The list of available (open source) Redis modules can be found here

Bloom Filter

It is a probabilistic data structure. Simply put, it can be used to check whether an element is present in a set or not. It's probabilistic because it can never give a false negative but it is possible that it might return a false positive i.e. a Bloom Filter will tell you of the absence of an element with 100% accuracy but there is a (rare) probability of an error (this is actually configurable) in checking for presence of an element. It is both fast as well as memory efficient

it is possible to tune the probability of getting a false positive by changing the size of the Bloom filter (the more space we allocate, the lesser the likelihood of false positives)

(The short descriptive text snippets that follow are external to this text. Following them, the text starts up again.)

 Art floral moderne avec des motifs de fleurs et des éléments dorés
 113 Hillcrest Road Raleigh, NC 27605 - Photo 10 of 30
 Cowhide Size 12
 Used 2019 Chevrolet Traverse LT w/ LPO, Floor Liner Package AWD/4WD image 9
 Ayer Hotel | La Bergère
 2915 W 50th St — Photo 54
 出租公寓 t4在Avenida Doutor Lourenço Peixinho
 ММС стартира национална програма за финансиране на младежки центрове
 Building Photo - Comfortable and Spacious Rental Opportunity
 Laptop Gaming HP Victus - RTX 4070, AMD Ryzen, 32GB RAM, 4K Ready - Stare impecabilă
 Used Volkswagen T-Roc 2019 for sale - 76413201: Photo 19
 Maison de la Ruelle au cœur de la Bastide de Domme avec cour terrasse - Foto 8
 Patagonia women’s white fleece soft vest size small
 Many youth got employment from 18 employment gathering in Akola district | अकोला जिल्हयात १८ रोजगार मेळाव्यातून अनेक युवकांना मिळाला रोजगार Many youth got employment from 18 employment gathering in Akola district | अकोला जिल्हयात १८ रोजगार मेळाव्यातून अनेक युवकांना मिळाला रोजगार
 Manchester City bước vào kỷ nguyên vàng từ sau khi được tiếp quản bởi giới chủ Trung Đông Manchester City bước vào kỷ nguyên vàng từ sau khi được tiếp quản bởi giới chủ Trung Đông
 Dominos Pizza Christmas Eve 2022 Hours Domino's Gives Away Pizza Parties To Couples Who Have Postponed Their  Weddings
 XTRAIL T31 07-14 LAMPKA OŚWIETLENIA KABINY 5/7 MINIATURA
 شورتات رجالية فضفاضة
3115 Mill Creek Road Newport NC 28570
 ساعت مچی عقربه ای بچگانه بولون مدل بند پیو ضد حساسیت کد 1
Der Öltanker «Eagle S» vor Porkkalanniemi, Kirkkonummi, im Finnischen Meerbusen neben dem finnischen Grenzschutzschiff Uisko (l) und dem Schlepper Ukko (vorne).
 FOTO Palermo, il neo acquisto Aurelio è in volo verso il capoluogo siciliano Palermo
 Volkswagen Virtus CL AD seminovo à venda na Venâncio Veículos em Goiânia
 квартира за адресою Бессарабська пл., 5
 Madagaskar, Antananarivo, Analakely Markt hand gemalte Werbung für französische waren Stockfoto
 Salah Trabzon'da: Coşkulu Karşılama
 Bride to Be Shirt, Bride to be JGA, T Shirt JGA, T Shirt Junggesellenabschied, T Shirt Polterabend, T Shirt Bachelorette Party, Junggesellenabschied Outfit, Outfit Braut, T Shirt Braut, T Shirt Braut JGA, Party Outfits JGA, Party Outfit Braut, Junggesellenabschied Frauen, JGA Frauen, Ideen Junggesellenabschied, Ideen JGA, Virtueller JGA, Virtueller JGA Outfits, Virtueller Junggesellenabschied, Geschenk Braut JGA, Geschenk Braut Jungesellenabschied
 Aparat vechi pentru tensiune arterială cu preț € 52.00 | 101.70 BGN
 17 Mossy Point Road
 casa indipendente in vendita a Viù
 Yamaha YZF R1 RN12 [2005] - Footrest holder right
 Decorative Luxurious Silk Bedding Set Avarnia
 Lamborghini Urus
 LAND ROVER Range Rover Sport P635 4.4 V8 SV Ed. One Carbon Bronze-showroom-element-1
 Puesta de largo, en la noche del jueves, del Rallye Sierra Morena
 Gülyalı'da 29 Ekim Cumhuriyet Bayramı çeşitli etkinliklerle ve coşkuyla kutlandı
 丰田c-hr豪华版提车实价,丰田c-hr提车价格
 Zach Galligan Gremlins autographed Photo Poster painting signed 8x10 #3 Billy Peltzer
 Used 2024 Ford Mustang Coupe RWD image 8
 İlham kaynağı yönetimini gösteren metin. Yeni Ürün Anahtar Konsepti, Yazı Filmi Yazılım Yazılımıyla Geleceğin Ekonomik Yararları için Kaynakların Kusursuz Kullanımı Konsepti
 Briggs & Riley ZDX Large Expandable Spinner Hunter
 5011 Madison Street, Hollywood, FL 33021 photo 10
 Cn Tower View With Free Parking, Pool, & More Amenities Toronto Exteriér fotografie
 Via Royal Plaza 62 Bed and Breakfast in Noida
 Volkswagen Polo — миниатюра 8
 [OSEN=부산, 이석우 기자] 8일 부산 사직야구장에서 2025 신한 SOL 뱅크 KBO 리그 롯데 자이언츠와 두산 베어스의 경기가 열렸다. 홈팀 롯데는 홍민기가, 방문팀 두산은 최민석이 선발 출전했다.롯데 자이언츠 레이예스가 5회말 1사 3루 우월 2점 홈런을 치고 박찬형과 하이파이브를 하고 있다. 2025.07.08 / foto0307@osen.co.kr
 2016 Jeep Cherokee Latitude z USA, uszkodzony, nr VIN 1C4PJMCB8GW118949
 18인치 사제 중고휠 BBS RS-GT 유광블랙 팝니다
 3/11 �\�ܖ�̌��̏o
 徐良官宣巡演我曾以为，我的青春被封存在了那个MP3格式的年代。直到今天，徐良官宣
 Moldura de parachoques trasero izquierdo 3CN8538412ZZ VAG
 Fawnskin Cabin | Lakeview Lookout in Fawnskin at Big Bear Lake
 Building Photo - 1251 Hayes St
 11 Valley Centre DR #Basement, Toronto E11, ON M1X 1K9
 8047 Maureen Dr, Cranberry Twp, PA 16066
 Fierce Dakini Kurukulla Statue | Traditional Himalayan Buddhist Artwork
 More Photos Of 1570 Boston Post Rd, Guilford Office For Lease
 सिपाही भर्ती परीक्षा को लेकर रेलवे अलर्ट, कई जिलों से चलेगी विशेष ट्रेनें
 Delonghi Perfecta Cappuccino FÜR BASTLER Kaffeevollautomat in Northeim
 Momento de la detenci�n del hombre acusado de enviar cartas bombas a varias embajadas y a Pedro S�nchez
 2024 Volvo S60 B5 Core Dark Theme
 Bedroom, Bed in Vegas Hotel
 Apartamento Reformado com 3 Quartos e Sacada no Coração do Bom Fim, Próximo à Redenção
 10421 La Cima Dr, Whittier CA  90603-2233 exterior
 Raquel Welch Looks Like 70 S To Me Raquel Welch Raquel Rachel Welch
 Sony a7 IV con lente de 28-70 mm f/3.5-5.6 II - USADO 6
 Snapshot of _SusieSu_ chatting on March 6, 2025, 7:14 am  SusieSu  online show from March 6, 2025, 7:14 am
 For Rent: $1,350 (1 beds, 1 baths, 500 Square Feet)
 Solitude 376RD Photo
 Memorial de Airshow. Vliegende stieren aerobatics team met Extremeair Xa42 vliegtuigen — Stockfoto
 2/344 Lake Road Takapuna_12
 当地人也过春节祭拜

Two of its fundamental operations include

  • adding an element

  • checking if an element exists

it's not possible to remove an element from a Bloom Filter

Some of its real world uses include

This contains a bunch of userful information about Bloom Filters

Articles recommendation service using ReBloom

ReBloom module provides the capabilities of a Bloom Filter via a native Redis data structure with the help of multiple commands which it exposes e.g. BF.ADD, BF.EXISTS etc.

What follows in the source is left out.